**PROBLEM DETAILS**
Your answer should be the lines below from the one with "Ecuadorian vs English" to the one with "How Adaptive Learning", both included, given again exactly and with nothing added.

**DATASET EXTRACT**
--- --- ---
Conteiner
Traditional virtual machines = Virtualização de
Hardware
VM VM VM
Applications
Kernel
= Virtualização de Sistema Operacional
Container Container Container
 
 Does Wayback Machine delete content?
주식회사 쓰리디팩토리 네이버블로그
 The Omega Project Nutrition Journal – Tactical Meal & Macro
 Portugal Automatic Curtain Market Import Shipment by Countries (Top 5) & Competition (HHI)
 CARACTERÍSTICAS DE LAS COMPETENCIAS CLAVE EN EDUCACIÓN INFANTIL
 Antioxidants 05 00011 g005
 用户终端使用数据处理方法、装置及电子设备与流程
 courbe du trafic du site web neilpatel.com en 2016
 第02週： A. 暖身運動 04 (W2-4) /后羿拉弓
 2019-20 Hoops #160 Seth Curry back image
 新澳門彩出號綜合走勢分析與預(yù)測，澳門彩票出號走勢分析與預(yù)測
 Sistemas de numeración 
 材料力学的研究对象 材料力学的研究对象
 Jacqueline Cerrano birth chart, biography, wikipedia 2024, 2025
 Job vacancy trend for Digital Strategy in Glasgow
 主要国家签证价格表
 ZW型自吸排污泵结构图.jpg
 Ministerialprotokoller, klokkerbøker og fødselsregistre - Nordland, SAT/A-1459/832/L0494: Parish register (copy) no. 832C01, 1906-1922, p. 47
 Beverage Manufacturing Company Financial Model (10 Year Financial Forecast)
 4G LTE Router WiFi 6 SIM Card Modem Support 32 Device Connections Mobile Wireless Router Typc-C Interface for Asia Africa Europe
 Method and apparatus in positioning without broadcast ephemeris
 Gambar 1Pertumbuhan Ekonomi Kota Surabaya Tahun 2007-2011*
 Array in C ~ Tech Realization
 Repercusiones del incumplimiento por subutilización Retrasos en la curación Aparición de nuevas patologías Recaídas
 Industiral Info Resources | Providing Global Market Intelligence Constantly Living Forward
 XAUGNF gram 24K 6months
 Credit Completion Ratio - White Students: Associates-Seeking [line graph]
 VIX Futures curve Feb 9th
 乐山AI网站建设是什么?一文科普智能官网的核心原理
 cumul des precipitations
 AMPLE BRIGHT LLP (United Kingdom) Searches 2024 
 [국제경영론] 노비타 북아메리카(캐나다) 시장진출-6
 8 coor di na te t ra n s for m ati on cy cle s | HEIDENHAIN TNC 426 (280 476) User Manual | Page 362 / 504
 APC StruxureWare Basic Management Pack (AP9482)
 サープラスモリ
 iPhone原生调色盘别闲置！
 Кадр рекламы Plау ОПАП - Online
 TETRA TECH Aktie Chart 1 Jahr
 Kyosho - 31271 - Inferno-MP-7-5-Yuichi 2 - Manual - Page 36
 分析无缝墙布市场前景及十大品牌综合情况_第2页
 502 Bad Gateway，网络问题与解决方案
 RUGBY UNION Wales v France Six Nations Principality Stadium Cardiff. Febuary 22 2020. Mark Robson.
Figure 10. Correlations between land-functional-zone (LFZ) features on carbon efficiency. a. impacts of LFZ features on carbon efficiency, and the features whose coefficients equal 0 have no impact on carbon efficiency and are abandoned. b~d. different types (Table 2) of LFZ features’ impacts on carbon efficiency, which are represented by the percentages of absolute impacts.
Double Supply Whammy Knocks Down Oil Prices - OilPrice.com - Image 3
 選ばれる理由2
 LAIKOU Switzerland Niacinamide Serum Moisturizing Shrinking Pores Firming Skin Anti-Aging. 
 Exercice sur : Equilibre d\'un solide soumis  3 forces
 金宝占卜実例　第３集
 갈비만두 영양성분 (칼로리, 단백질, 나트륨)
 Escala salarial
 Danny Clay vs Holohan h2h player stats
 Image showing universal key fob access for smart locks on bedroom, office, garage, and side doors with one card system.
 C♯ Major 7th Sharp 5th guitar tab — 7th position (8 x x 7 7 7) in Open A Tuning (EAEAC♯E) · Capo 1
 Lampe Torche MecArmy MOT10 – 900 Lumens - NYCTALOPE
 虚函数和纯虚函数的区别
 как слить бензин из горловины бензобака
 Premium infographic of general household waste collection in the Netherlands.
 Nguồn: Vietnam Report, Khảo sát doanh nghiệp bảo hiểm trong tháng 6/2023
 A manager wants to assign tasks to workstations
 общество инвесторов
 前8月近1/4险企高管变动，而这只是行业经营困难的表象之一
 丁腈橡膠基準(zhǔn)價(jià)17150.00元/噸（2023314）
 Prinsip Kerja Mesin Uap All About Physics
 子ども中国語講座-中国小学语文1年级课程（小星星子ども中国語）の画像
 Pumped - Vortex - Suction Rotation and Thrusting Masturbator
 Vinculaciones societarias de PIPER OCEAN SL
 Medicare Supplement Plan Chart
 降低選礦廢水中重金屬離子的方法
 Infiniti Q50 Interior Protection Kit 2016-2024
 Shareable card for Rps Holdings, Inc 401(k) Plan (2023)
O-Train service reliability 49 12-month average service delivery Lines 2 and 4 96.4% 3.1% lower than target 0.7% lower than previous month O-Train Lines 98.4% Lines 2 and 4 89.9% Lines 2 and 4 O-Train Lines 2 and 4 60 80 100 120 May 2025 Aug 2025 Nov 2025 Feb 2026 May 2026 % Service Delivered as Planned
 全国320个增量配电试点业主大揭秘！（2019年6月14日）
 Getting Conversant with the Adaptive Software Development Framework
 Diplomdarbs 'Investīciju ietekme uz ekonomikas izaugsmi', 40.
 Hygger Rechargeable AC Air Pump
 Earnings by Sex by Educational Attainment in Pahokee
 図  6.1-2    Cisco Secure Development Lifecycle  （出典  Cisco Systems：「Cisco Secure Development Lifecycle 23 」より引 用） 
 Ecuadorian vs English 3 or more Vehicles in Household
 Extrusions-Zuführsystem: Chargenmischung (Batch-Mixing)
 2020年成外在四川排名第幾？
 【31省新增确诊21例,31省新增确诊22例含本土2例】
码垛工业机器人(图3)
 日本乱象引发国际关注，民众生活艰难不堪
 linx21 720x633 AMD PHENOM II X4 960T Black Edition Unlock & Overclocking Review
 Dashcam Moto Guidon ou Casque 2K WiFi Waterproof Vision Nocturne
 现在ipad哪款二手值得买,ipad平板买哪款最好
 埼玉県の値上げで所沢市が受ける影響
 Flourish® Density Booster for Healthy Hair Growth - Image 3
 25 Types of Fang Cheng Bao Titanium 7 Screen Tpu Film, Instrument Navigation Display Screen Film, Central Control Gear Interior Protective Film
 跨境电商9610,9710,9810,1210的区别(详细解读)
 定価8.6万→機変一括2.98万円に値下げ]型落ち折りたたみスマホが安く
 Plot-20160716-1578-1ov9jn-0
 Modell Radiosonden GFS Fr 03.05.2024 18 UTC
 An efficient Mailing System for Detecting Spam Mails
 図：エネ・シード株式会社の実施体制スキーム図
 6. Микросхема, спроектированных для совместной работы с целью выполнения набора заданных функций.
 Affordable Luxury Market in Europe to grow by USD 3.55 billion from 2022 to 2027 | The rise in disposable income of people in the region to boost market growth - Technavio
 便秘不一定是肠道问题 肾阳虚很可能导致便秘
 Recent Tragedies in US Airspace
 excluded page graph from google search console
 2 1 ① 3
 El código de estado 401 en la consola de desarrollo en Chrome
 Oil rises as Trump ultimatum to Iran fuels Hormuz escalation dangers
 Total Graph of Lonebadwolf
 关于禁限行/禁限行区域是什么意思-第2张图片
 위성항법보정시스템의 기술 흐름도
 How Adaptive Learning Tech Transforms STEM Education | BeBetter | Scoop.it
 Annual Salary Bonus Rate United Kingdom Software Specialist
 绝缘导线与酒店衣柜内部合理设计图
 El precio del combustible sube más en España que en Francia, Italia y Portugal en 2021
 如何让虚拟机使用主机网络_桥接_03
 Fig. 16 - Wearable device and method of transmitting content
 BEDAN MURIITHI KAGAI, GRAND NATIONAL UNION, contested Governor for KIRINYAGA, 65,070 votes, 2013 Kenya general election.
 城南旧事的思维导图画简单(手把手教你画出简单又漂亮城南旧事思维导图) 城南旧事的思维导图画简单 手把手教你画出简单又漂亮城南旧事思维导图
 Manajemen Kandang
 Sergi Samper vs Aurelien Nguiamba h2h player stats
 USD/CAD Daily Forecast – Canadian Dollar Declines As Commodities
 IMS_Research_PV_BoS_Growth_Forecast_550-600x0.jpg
--- --- ---
**EXERCISE ANSWER**
 Ecuadorian vs English 3 or more Vehicles in Household
 Extrusions-Zuführsystem: Chargenmischung (Batch-Mixing)
 2020年成外在四川排名第幾？
 【31省新增确诊21例,31省新增确诊22例含本土2例】
码垛工业机器人(图3)
 日本乱象引发国际关注，民众生活艰难不堪
 linx21 720x633 AMD PHENOM II X4 960T Black Edition Unlock & Overclocking Review
 Dashcam Moto Guidon ou Casque 2K WiFi Waterproof Vision Nocturne
 现在ipad哪款二手值得买,ipad平板买哪款最好
 埼玉県の値上げで所沢市が受ける影響
 Flourish® Density Booster for Healthy Hair Growth - Image 3
 25 Types of Fang Cheng Bao Titanium 7 Screen Tpu Film, Instrument Navigation Display Screen Film, Central Control Gear Interior Protective Film
 跨境电商9610,9710,9810,1210的区别(详细解读)
 定価8.6万→機変一括2.98万円に値下げ]型落ち折りたたみスマホが安く
 Plot-20160716-1578-1ov9jn-0
 Modell Radiosonden GFS Fr 03.05.2024 18 UTC
 An efficient Mailing System for Detecting Spam Mails
 図：エネ・シード株式会社の実施体制スキーム図
 6. Микросхема, спроектированных для совместной работы с целью выполнения набора заданных функций.
 Affordable Luxury Market in Europe to grow by USD 3.55 billion from 2022 to 2027 | The rise in disposable income of people in the region to boost market growth - Technavio
 便秘不一定是肠道问题 肾阳虚很可能导致便秘
 Recent Tragedies in US Airspace
 excluded page graph from google search console
 2 1 ① 3
 El código de estado 401 en la consola de desarrollo en Chrome
 Oil rises as Trump ultimatum to Iran fuels Hormuz escalation dangers
 Total Graph of Lonebadwolf
 关于禁限行/禁限行区域是什么意思-第2张图片
 위성항법보정시스템의 기술 흐름도
 How Adaptive Learning Tech Transforms STEM Education | BeBetter | Scoop.it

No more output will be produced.